Review: ‘Onward’ takes viewers on enchanting journey

Pixar, Disney’s newest addition finds success in unexpected places


Courtesy of Pixar and Disney.

Disney and Pixar joined forces to create the newest animated childrens’ movie, “Onward,” which hit theaters on Friday, March 6. The film centers around two elf brothers, Ian Lightfoot (Tom Holland) and Barley Lightfoot (Chris Pratt), as they go on a journey to bring their dad back from the dead for a day. The plotline was filled with magic and joy, bringing light to viewers’ hearts.

At the start of “Onward,” Ian falls into the stereotype of an awkward, shy high schooler desperately trying to make friends. As the film progresses, Ian learns of his strengths and becomes confident in himself. Though this is typical of a coming-of-age plot, Ian’s personal journey toward improvement is portrayed beautifully. His conversations with Barley progress from strained and tense to loving and supportive, showing how both characters developed to work well together as a result of their shared adventure.

The plot of the movie was cliché, yet done well. This was made possible by the cheesy humor and intriguing characters keeping the film interesting. The silly moments kept the audience in good spirits for the entire hour and 40 minutes. Moments of tension where the characters’ abilities were put to the test kept viewers on the edge of their seats and invested in the stakes of the movie. The warm, tender moments are where “Onward” truly shines, bringing viewers to tears by pulling at their heartstrings.

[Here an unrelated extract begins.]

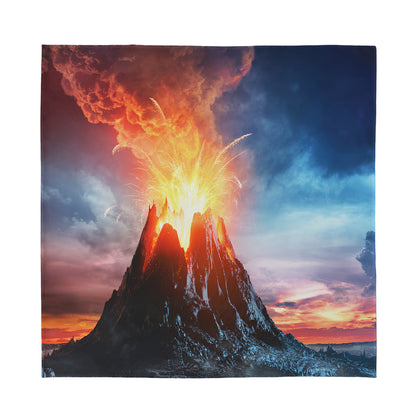 Erupting Volcano Print Silk Bandana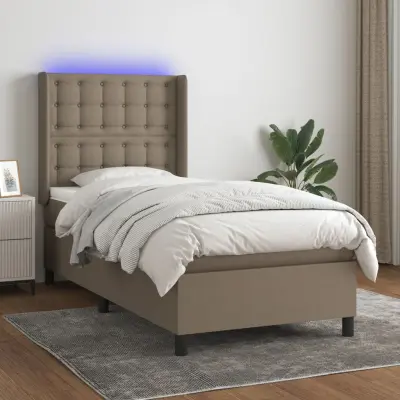 The Living Store Box spring postelja z vzmetnico LED taupe 80x200 cm blago - Box Spring Postelja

The characters’ relationships also saw improvement in strength over the course of the plot. Both of the brothers developed stronger relationships with their mom, Laurel Lightfoot (Julia Louis-Dreyfus), by the end of the movie. The most amazing aspect of the relationships, though, was how the filmmakers were able to establish a strong relationship between Ian, Barley and their dad, Wilden Lightfoot (Kyle Bornheimer). Despite only existing from the waist down, Wilden is able to develop a presence in the movie, providing comic relief and heartfelt moments. Director Dan Scanlon was able to make the audience care about a character without giving him any lines; this is an incredible feat which deserves high praise.

The animation in “Onward” was stunningly smooth, which is expected of Pixar and Disney. The characters, though inhuman, had realistic proportions and were drawn well. This helped keep the audience engaged and made the movie more interesting. The vibrant colors and fluent movements did not disrupt the flow of the film at all, which viewers appreciated.

While “Onward” is strong as a movie itself, it is even stronger in its steps toward supporting the LGBT+ community. This film marks Disney’s first-ever explicitly named LGBT+ character, Officer Spector (Lena Waithe). The character explicitly mentions having a girlfriend in her only scene in the movie. While that small line may seem insignificant, it is a milestone for the community and the companies themselves.

Pixar and Disney found an incredible balance between silly and serious in “Onward.” The movie was able to keep viewers invested in the plot, despite it falling into several coming-of-age clichés. The audience was able to care about the characters and go on the journey with them. This earns “Onward” 4.5 out of 5 stars, with the only improvement available through choosing a more unique plotline.